October 6, 2010 — Amicus Brief

NCLC joined a dozen other advocacy organizations in a brief by the Legal Aid Society of the District of Columbia and NACA arguing that the Federal Arbitration Act does not prevent state contract law from invalidating as unconscionable a contract providing that a consumer entering into the contract has waived her right to a class action against the phone company.

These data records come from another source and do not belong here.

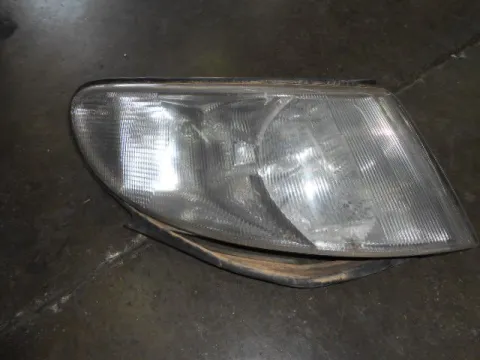 Φλας Εμπρός Αριστερό για SAAB 9-3 (1998 - 2002) (YS3D) Φλας Εμπρός Αριστερό για SAAB 9-3 (1998 - 2002) (YS3D)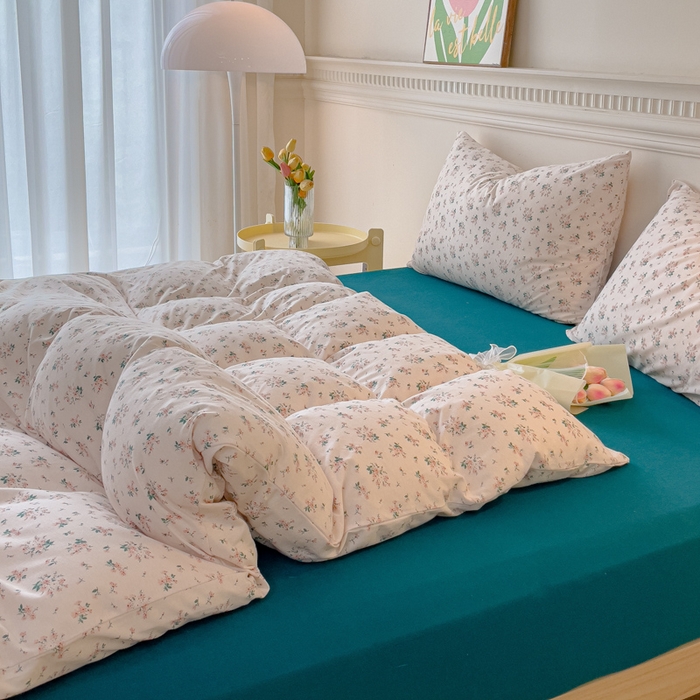 91家纺网 家纺一手货源 找家纺 伊嫚家居 新款日式新品全棉针织棉A类活性印花四件套天竺棉小碎花复古亲肤被罩床笠款套件 海棠粉香妃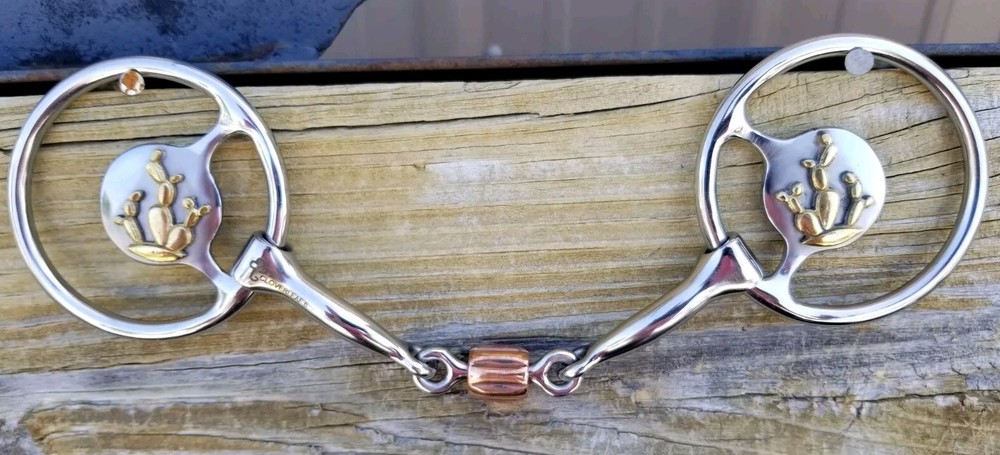 Cactus Pad Locked O Ring with Copper Roller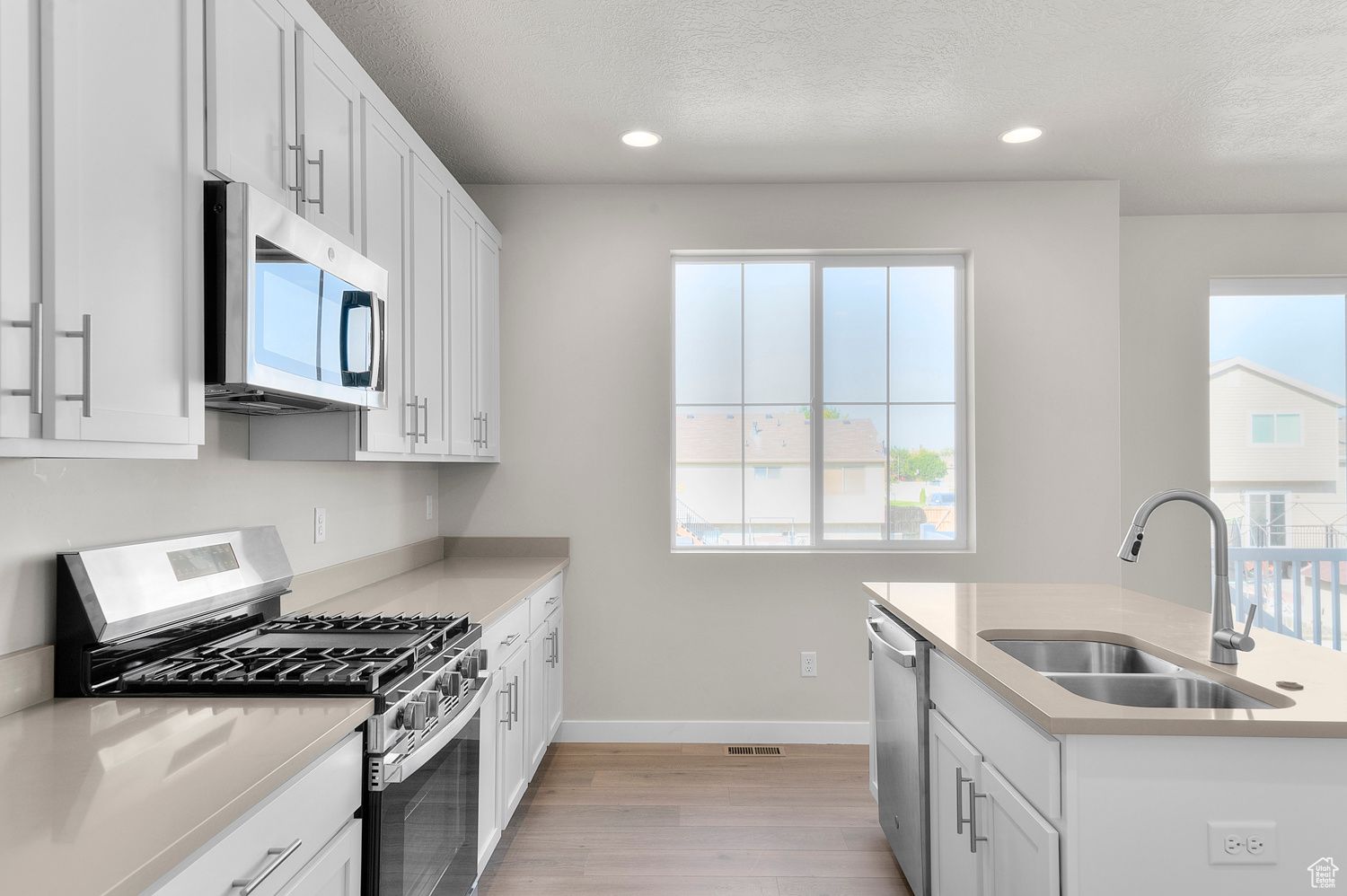 GABLER'S GROVE COLLECTION 613 - Residential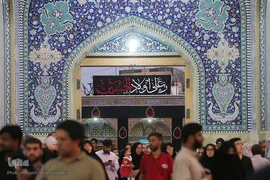 ⁨تعویض پرچم گنبد بارگاه حضرت معصومه(س)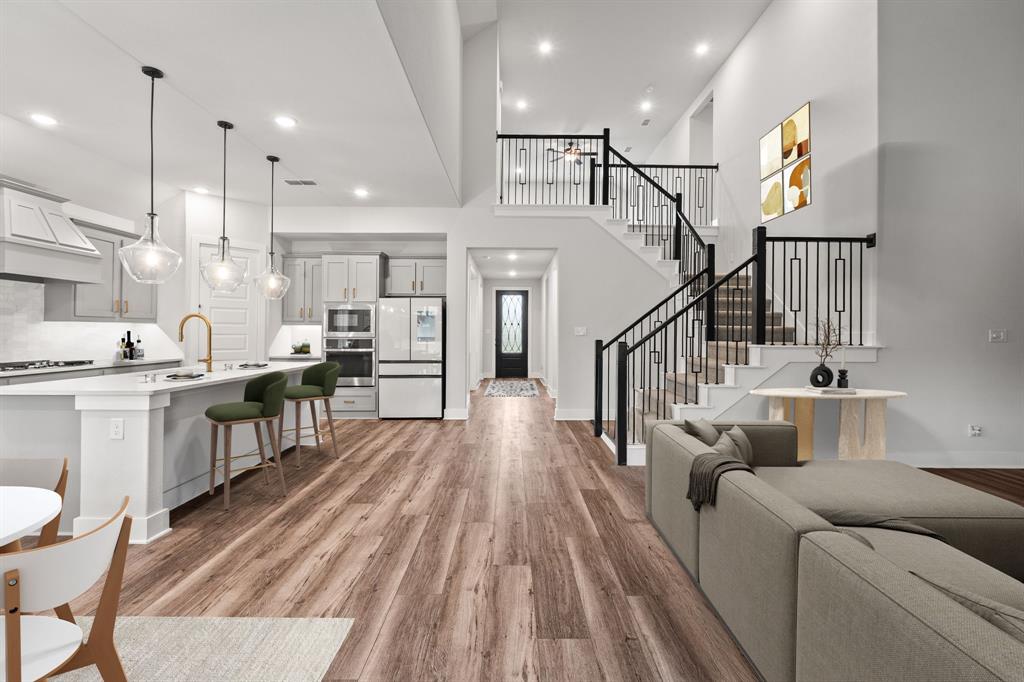 1213 Villalonga Drive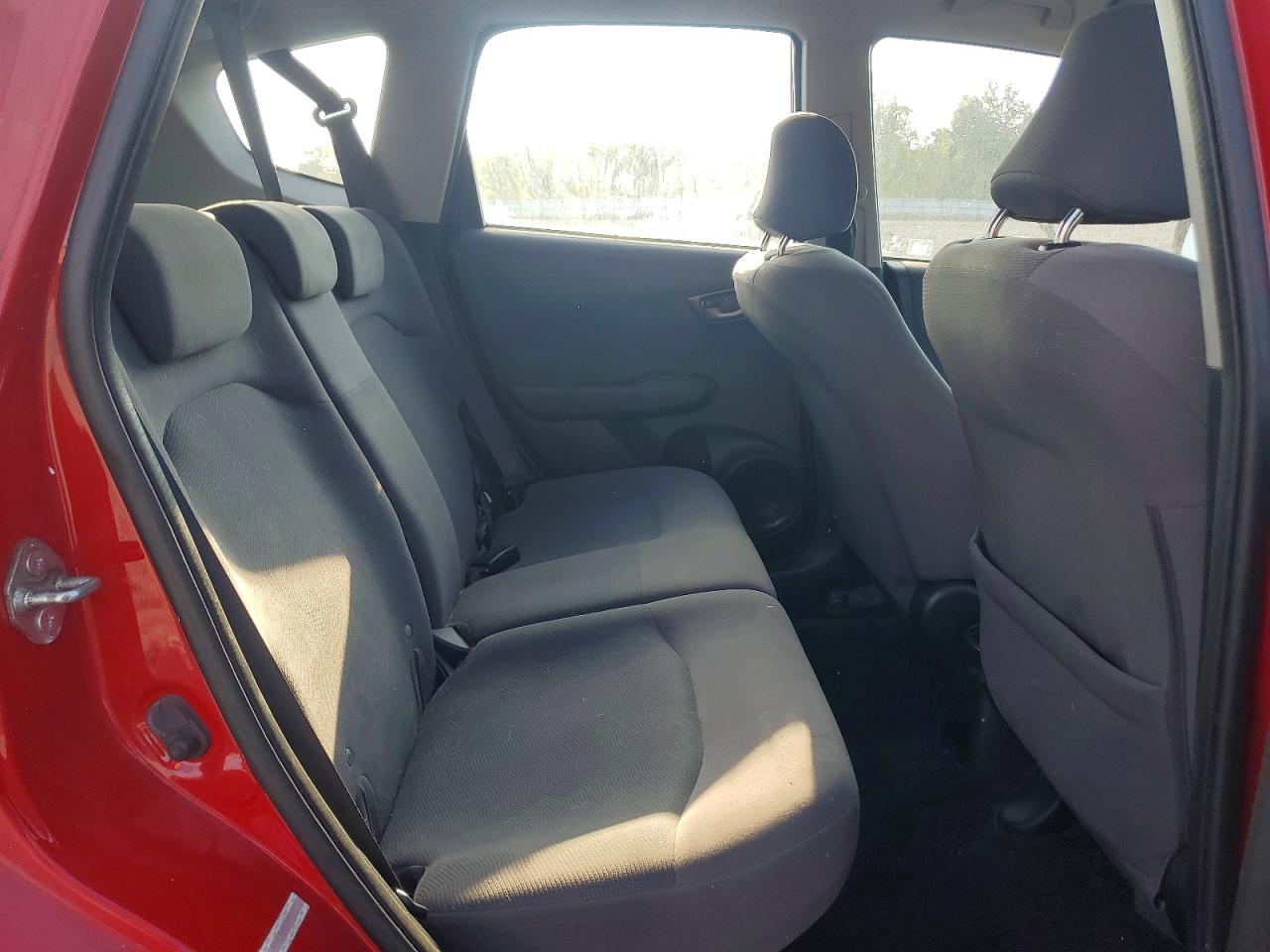 2010 Honda Fit Red vin: JHMGE8H26AC015475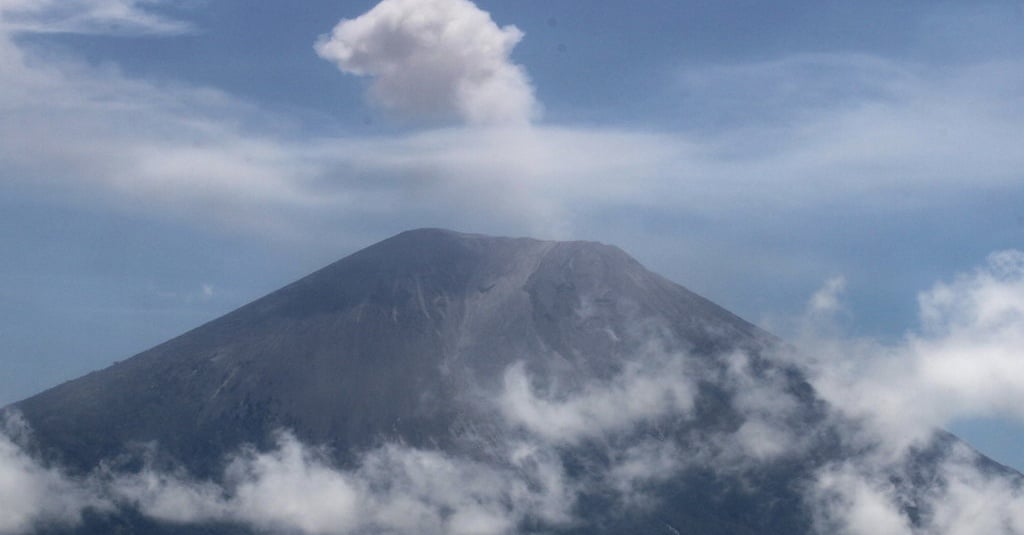 Gunung Semeru Mengalami 14 Kali Gempa Letusan Pagi Ini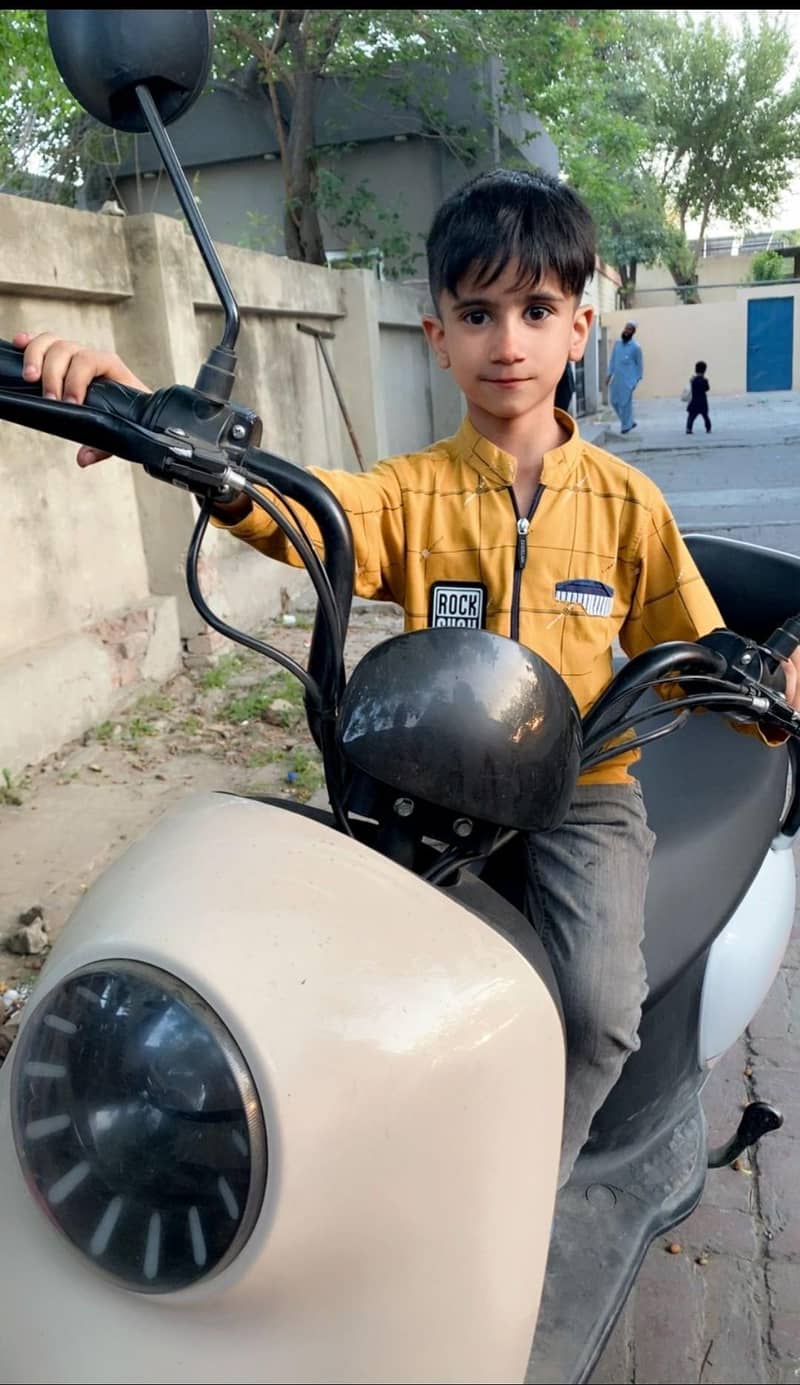 miniso Scooty 4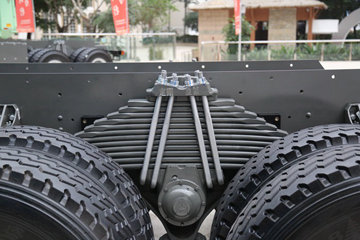 �й������ɶ����ó� V7-X ������ 25T 6X4 6.8�״��綯��ж��400kWhͼƬ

The Supreme Court on April 27, in a highly anticipated decision in Concepcion sharply limited consumer class actions. The court ruled that the Federal Arbitration Act (FAA) preempts the “Discover Bank” rule, finding unconscionable a contractual clause banning class relief. The Court limited FAA language that an arbitration agreement can be struck down “upon such grounds as exist at law or in equity for the revocation of any contract.”  The Discover Bank rule prohibited bans on class-wide relief found in consumer adhesion contracts where damages are small and where the party with superior bargaining power deliberately cheats large numbers of consumers out of individually small sums of money.  Since this rule applies to bans on class relief both in court and arbitration, it is grounds for “the revocation of any contract.” The majority still struck it down as inconsistent with the FAA. The majority found that it was fundamental to arbitration that it be streamlined and expeditious. The Discover Bank rule, by forcing class arbitration on an unwilling party, negates the FAA requirement that arbitration agreements be enforceable as written. Class arbitration is inconsistent with FAA arbitration because it greatly increases the risks to defendants, requires arbitrators to make class certification judgments, and is slower, more costly and more likely to generate procedural issues.